Prime Minister Robert Mugabe of Zimbabwe held wide-ranging talks yesterday with President Reagan, and administration officials expressed disappointment with the African country's abstention from the vote on the U.N. resolution deploring the Soviet downing of a South Korean airliner.

Mugabe, on his first official visit to Washington since becoming leader of his newly independent nation in 1980, held what administration sources later described as a "good and substantive discussion" with the president.

"We didn't always agree, but we have all gained much from hearing your views," Reagan told the Zimbabwean premier after a two-hour meeting and working lunch in the White House.

"I believe that our two countries will continue to cooperate in those areas where common concerns are shared and that we will come closer to an understanding on those issues where our views diverge," the president said.

U.S. officials said the two leaders discussed the situation in Chad, where Libyan-backed rebels are fighting the pro-western government; in Central America, and in Namibia, still ruled by South Africa despite western attempts to bring it to independence.

Zimbabwe is opposed to the U.S. position that a Namibian settlement be linked to the withdrawal of Cuban troops from neighboring Angola, arguing that the two issues should be treated separately.

Mugabe told The Washington Post on Monday that he would like the United States to exert more pressure on the white-minority regime in South Africa to expedite a negotiated settlement for Namibia.

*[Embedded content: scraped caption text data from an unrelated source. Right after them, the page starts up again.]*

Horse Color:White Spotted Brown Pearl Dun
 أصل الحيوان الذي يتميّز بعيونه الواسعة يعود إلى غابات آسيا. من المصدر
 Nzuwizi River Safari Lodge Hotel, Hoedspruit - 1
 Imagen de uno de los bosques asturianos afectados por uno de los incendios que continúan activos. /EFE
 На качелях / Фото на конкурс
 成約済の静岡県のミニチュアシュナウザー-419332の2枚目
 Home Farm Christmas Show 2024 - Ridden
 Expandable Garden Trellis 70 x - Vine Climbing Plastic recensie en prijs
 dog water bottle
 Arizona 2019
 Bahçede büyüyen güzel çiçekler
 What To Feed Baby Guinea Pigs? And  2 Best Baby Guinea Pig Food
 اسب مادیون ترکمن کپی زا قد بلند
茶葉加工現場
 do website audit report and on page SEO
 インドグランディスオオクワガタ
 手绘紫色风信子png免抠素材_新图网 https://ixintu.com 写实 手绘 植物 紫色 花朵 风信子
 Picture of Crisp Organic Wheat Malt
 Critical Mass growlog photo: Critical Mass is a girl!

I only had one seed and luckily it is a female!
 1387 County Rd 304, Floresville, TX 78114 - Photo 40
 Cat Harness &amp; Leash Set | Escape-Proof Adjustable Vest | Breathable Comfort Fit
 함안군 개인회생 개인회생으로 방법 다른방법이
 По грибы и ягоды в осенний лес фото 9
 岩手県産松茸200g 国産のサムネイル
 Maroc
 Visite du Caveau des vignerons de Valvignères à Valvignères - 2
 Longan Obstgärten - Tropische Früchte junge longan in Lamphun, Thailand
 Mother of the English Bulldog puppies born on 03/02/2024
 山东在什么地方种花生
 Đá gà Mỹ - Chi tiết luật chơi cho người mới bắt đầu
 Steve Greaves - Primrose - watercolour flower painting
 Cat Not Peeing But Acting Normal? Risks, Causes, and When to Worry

"We have enjoyed excellent relations with your country," the Zimbabwean leader said after meeeting Reagan. "There have been differences, on the modality of bringing about Namibia's independence, the linkage with the Cuban question, but generally we have looked at issues through the same glasses."

Mugabe has said he believes the United States could do more to pressure South Africa, but administration officials argue that he exaggerates the extent of American ability to influence the Pretoria regime.

On the question of Zimbabwe's abstention Monday from the U.N. vote on the downing of the Korean plane, officials quoted Mugabe as saying that his country considered itself as representing other nations in the region and they had urged Zimbabwe not to vote for the resolution.

He told The Post Monday that he was concerned by American presentation of the downing of the airliner as an issue in East-West relations, and predicted that Zimbabwe would find it difficult to vote for a resolution couched in terms of what he described as a "superpower versus superpower confrontation."

U.S. officials noted, however, that he referred to the incident yesterday as a "horrible tragedy."

State Department spokesman Alan Romberg said, "Obviously we are disappointed Zimbabwe did not join in, and I would add that the prime minister is fully aware of our views."

Mugabe expressed his country's gratitude for U.S. economic assistance, currently totaling $65 million a year. He met later with Peter McPherson, Agency for International Development administrator.